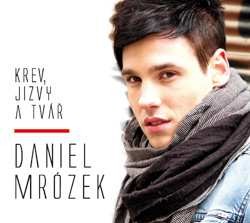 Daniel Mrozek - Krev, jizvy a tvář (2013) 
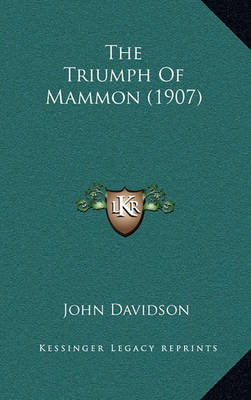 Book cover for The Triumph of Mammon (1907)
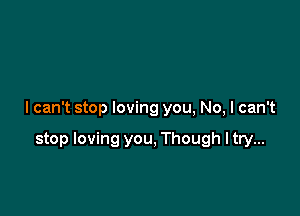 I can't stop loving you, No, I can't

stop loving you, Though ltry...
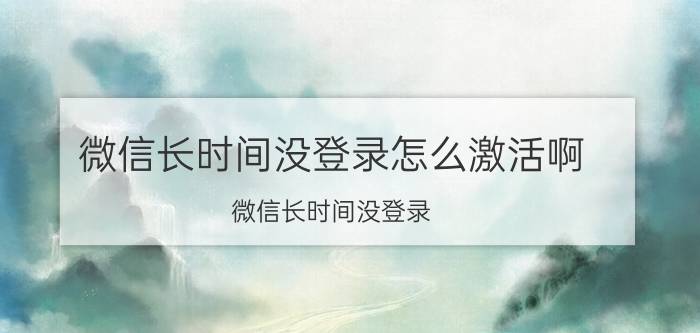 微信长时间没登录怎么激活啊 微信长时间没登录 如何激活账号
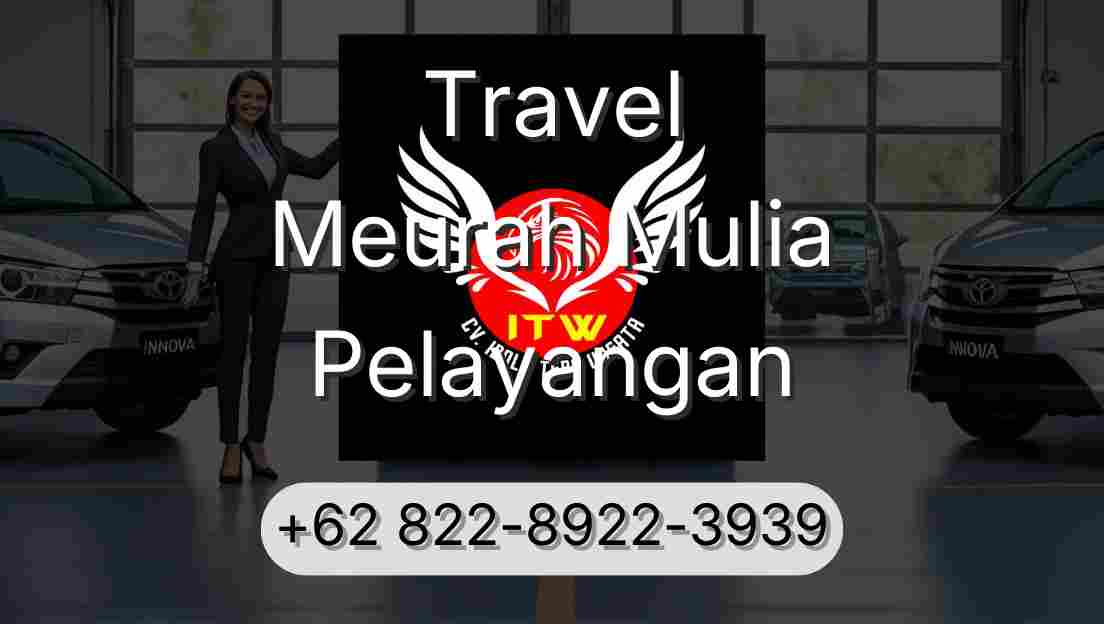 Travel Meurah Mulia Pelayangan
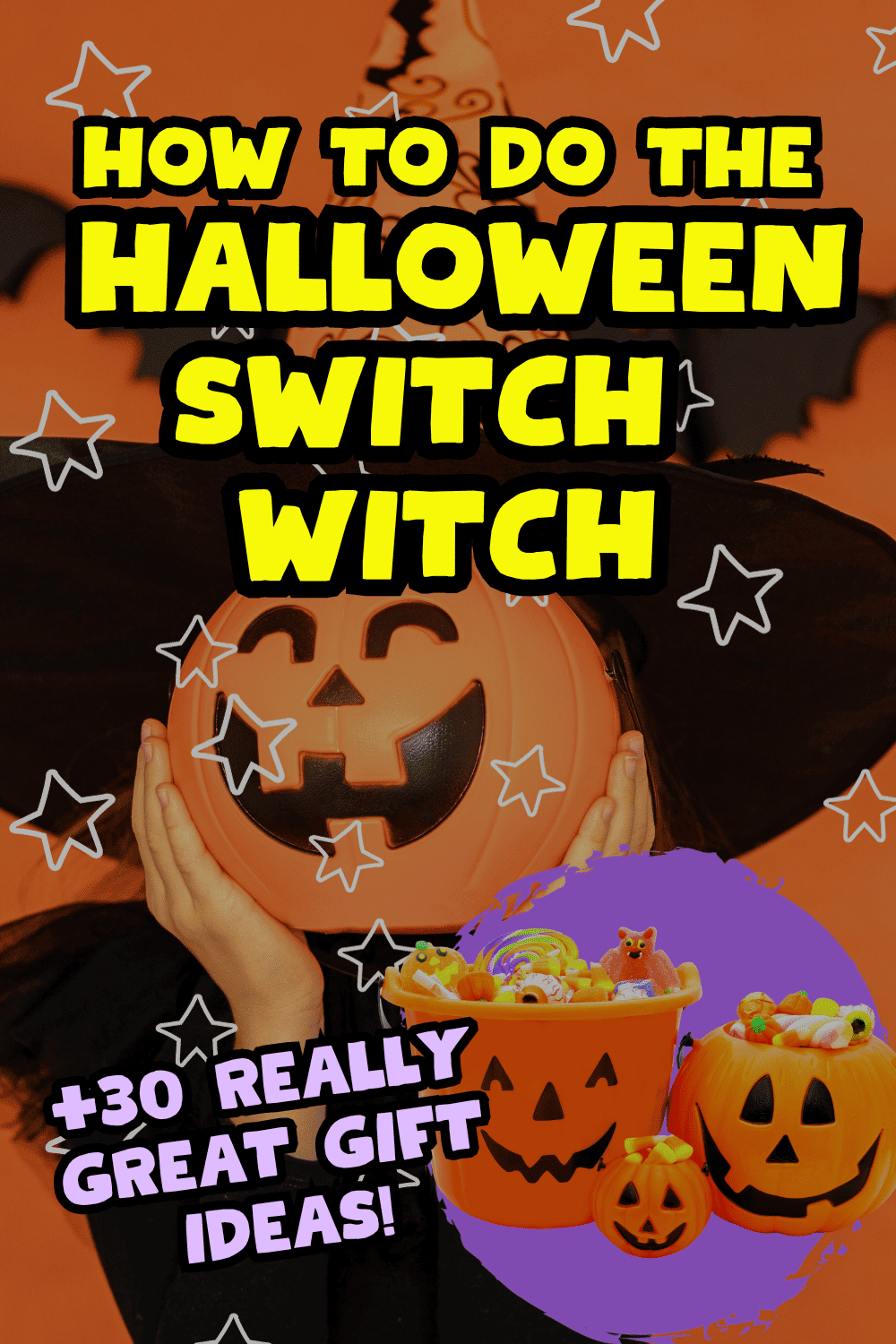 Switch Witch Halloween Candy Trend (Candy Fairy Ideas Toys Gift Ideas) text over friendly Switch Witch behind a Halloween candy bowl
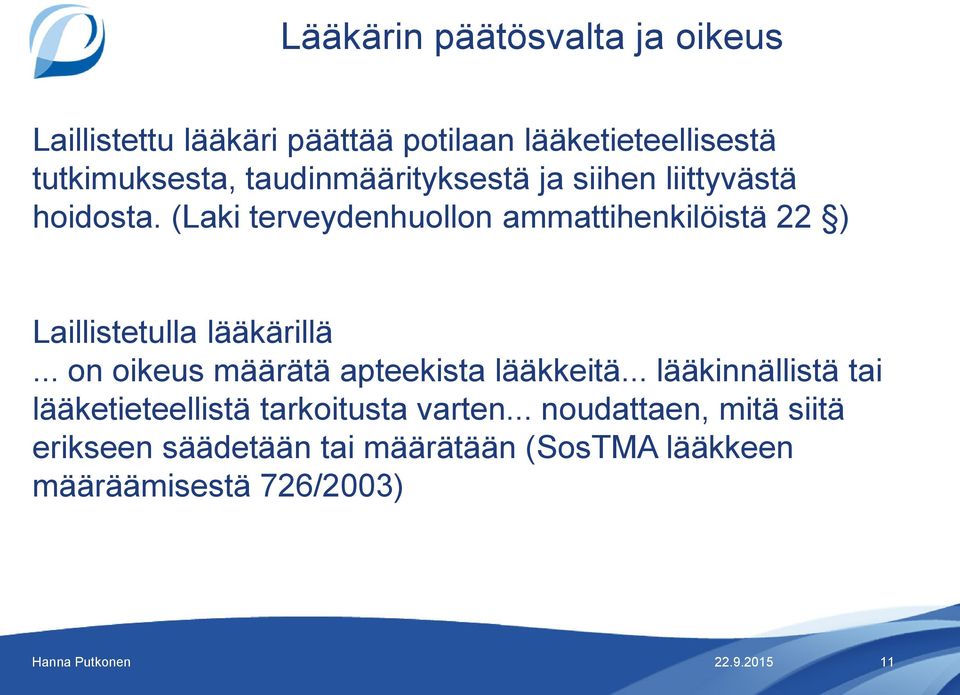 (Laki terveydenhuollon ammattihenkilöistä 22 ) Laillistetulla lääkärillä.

* * *

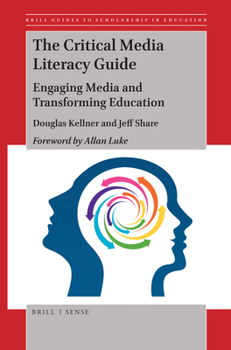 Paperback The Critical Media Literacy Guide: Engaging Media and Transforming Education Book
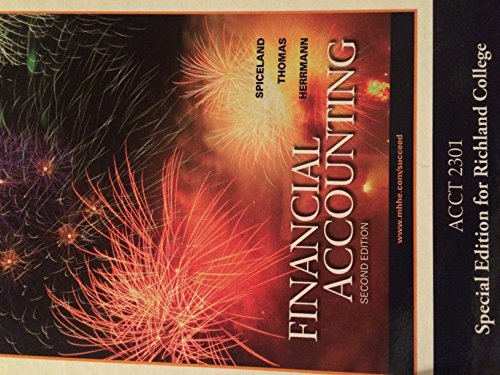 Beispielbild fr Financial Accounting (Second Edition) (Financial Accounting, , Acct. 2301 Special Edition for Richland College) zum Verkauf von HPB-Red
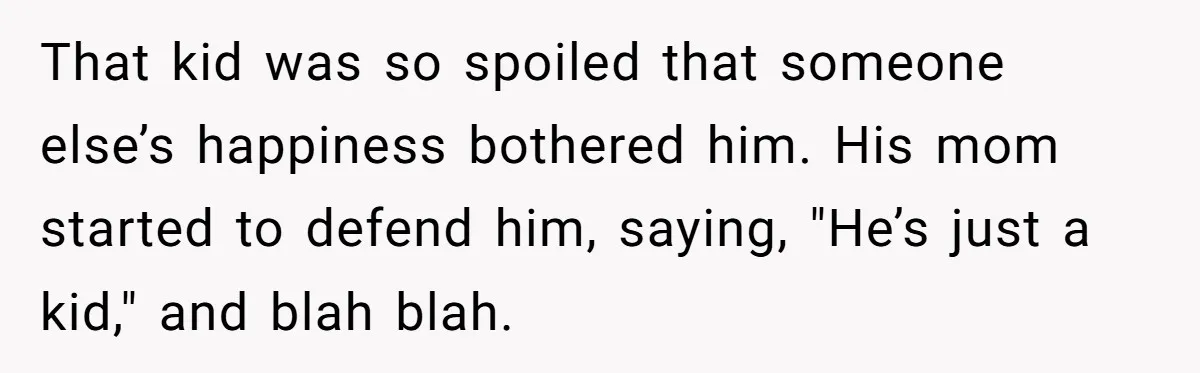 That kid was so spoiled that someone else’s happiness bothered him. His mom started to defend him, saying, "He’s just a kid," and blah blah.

TO DO -
An exact copy is needed of the entries above, starting at the line that holds "I can't stop loving you, No, I can't" and stopping at the line that holds "(Laki terveydenhuollon ammattihenkilöistä", both kept; pictures stay out.

RESPONSE TO THE EXERCISE -
 I can't stop loving you, No, I can't

stop loving you, Though ltry...
 微信长时间没登录怎么激活啊 微信长时间没登录 如何激活账号
 Travel Meurah Mulia Pelayangan
 Switch Witch Halloween Candy Trend (Candy Fairy Ideas Toys Gift Ideas) text over friendly Switch Witch behind a Halloween candy bowl
 (Laki terveydenhuollon ammattihenkilöistä 22 ) Laillistetulla lääkärillä.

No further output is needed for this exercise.